I am in no hurry for these babies to find a forever home. I'm more interested in their well being than my sanity. If you or anyone you know lives in the South Florida area and are in need of a gorgeous bun please respond to this.

It breaks my heart to put them up for adoption, but I know there are people out there that have more time for these babies than I do.

I'm pretty sure these 2 are does, but not 1000% positive. They are 7weeks, turning 8 weeks on Sunday.


----------



## MiniLopHop (Aug 16, 2012)

ray:


----------



## bhoffman (Aug 16, 2012)

Aww.. thats too bad!! You were so excited to be able to keep themm!!


----------



## FallenRabbit (Aug 17, 2012)

can you send one to me? Haha Probably not!!!


----------



## MyBabyHasPaws (Aug 17, 2012)

These babies have found a forever home. I am happy to say my friend took all 3 babies. She is setting up a bunny room for them. I am so happy! I live right down the street from her so I can see them whenever. I'm also happy that i KNOW she will call me for advice and not just neglect them.

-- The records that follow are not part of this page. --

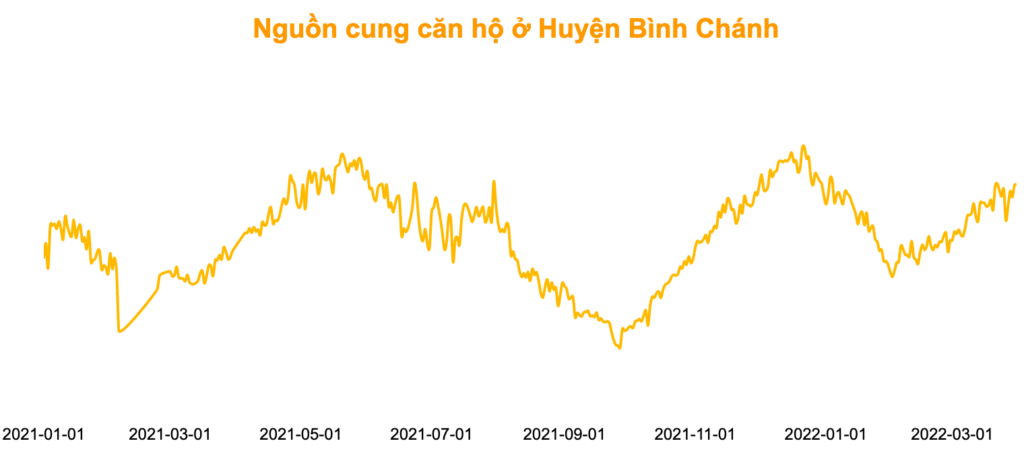 Phân tích thị trường căn hộ Huyện Bình Chánh tháng 04/2022 can ho chung cu binh chanh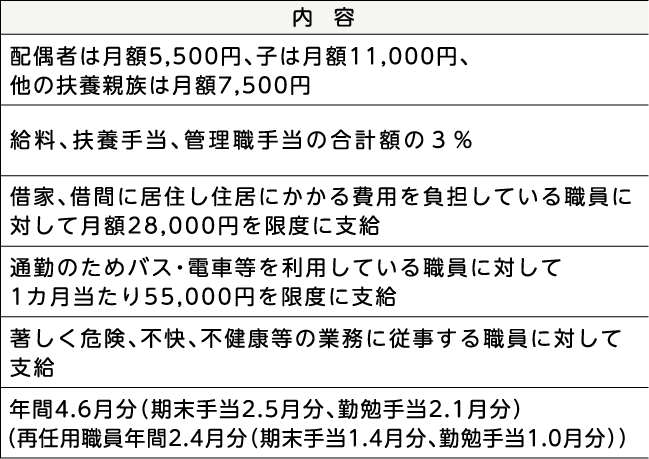 表右側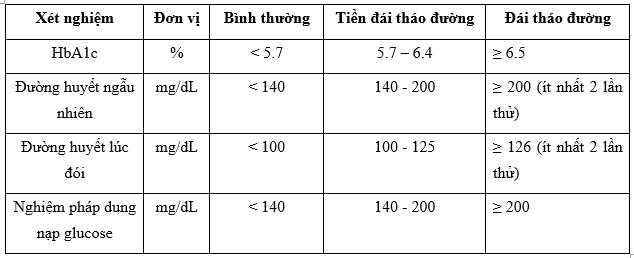 Xét nghiệm tiểu đường bao nhiêu tiền? Chi phí tham khảo bạn nên biết 2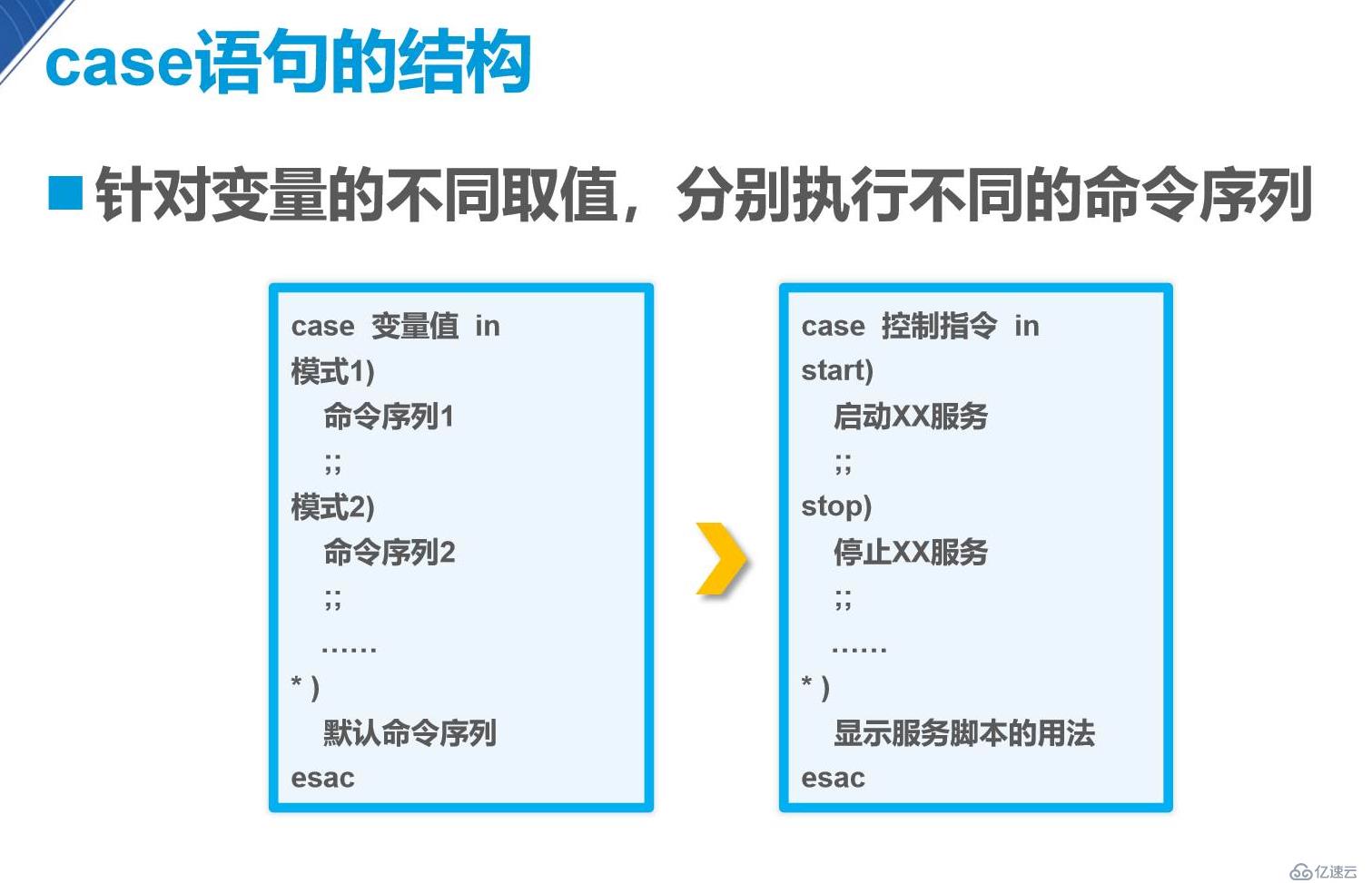 shell编程之case分支语句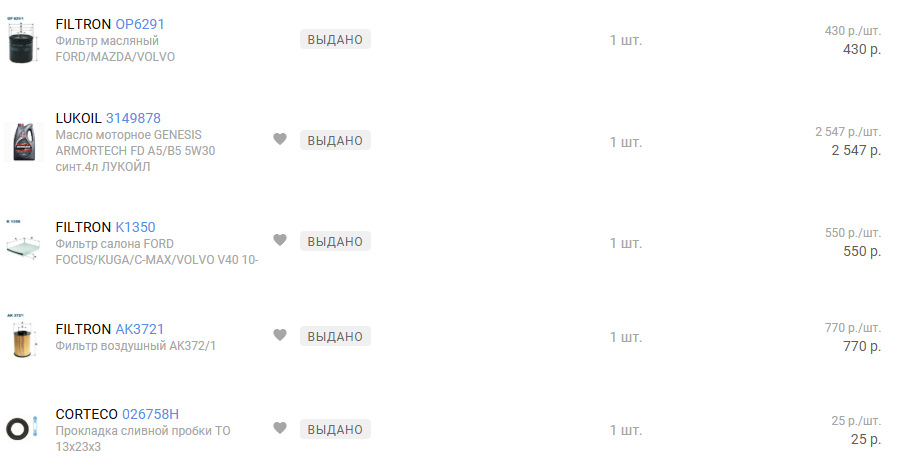 Расходники вышли на 4 322 р — Ford Focus Wagon III. Запчасти на фото: OP6291, 3149878, K1350, AK3721, 026758H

I cried for most of the day today....


----------



## Bunnylova4eva (Aug 17, 2012)

So sorry you have to give them up, but at the same time, I'm so excited to hear you found them a good home that you are confident will be perfect for them-not to mention the awesome bonus of being able to still see them whenever!


----------



## luvthempigs (Aug 17, 2012)

I'm so glad things worked out for all involved 

Don't cry.....:bunnyhug:


----------



## MyBabyHasPaws (Aug 18, 2012)

We went to the feed store a little while ago. These are going to be some spoiled babies  

I am so happy with how this worked out, almost seems perfect *knock on wood!*


----------



## Hyatt101 (Aug 18, 2012)

I'm very glad everything worked out for you and your baby bunnies! ink iris::rainbow:


----------



## Hyatt101 (Aug 18, 2012)

I'm very glad everything worked out for you and your baby bunnies! ink iris::rainbow:


----------



## Nancy McClelland (Aug 19, 2012)

:yahoo:


----------